I have this Pandas DataFrame that has a column with lists:
>>> df = pd.DataFrame({'m': [[1,2,3], [5,3,2], [2,5], [3,8,1], [9], [2,6,3]]})
>>> df
m
0 [1, 2, 3]
1 [5, 3, 2]
2 [2, 5]
3 [3, 8, 1]
4 [9]
5 [2, 6, 3]
I want to count the number of times a list v = [2, 3]
is contained in the lists of the DataFrame. So in this example the correct answer would be 3
. Now this is just an example, in my actual data the df['m']
can contain more than 9 million rows and the lists are actually lists of strings with up to about 20 elements. Some more details if it matters: The elements of v
contain no duplicates and neither do the lists of m
, so they can be sets instead of lists.
The first iteration of my program iterated over each row and checked all(e in data['m'][i] for e in v)
and if that's True, I increment a counter.

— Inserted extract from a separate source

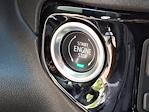 2023 Chevrolet Silverado 1500 Crew Cab 4WD Pickup for sale #A103404 - photo 29
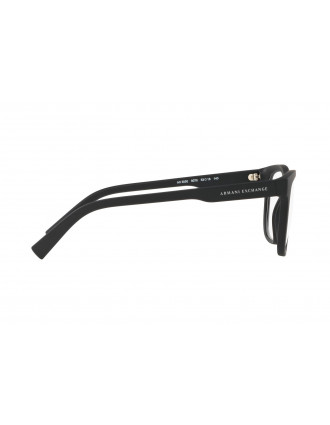 Armani Exchange AX3050 Eyeglasses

But as addressed in many SO questions and blog posts, iterating over the rows of a DataFrame is slow and can be done much faster.

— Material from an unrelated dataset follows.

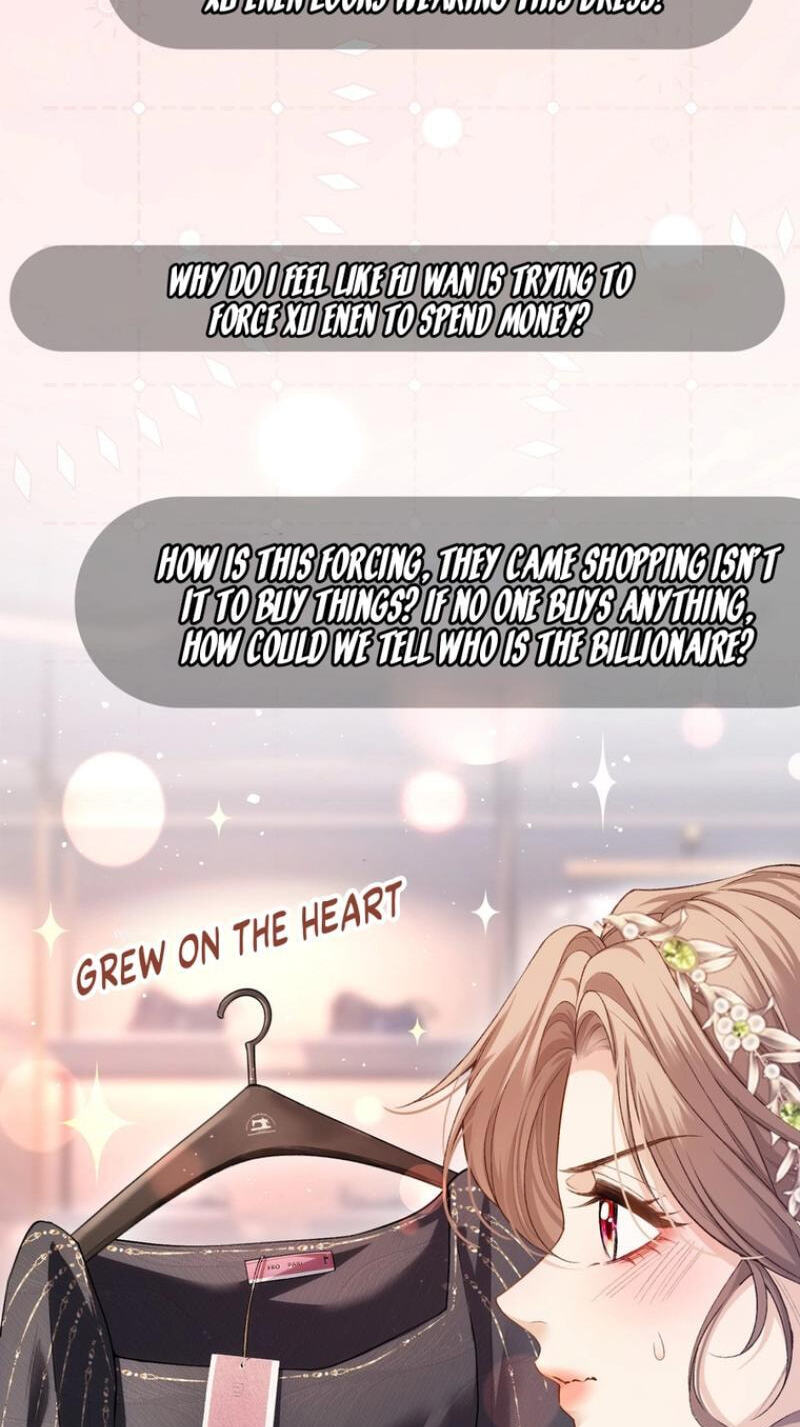 Weizhuang Mingliu Chapter 9 page 43 -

So for my next iteration I added a column to the DataFrame that contains a copy of the list v
:
>>> df['V'] = [[2, 3]] * len(df)
>>> df
V m
0 [2, 3] [1, 2, 3]
1 [2, 3] [5, 3, 2]
2 [2, 3] [2, 5]
3 [2, 3] [3, 8, 1]
4 [2, 3] [9]
5 [2, 3] [2, 6, 3]
and a helper function that simply returns the containment boolean like I did before:
def all_helper(l1, l2):
return all(v in l1 for v in l2)
which I can then use with np.vectorize
to add a column with the boolean value:
df['bool'] = np.vectorize(all_helper)(df['m'], df['V'])
And lastly, calculate the sum of these booleans with a simple df['bool'].sum()

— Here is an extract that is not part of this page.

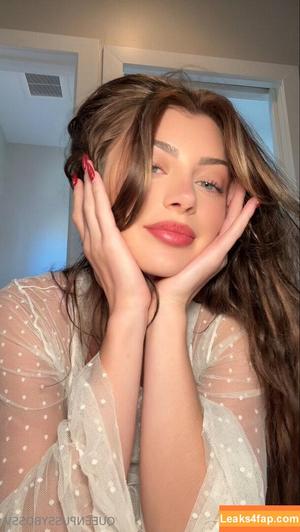 queenpussybossv photo #0039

I also tried to use .apply()
:
df['bool'] = df.apply(lambda row: all(w in row['m'] for w in v), axis=1)
count = df['bool'].sum()
but this was slower than the vectorisation.
Now these methods work, and the vectorisation is much faster than the initial approach, but it feels a bit clunky (creating a column with identical values, using a helper function in such a way). So my question, performance is key, is there a better/faster way to count the number of times a list is contained in a column of lists? Since the lists contain no duplicates, perhaps the check if len(union(df['m'], df['V'])) == len(df['m'])
or something, but I don't know how and if that's the best solution.
Edit: Since somebody asked; here's an example with strings instead of integers:
>>> df = pd.DataFrame({'m': [["aa","ab","ac"], ["aa","ac","ad"], ["ba","bb"], ["ac","ca","cc"], ["aa"], ["ac","da","aa"]]})
>>> v = ["aa", "ac"]
>>> df
m
0 ["aa", "ab", "ac"]
1 ["aa", "ac", "ad"]
2 ["ba", "bb"]
3 ["ac", "ca", "cc"]
4 ["aa"]
5 ["ac", "da", "aa"]
>>> count_occurrence(df, v)
3
But if you want a more extensive DataFrame, you can generate it with this:
import string
n = 10000
df = pd.DataFrame({'m': [list(set([''.join(np.random.choice(list(string.ascii_lowercase)[:5], np.random.randint(3, 4))) for _ in range(np.random.randint(1, 10))])) for _ in range(n)]})
v = ["abc", 'cde']
print(count_occurrence(df, v))
Edit:
Neither Divakar's or Vaishali's solution was faster than the one that uses np.vectorize
. Wonder if anyone can beat it.
Jon Clements came with a solution that is roughly 30% faster and much cleaner: df.m.apply(set(v).issubset).sum()
. I continue looking for faster implementations, but this is a step in the right direction.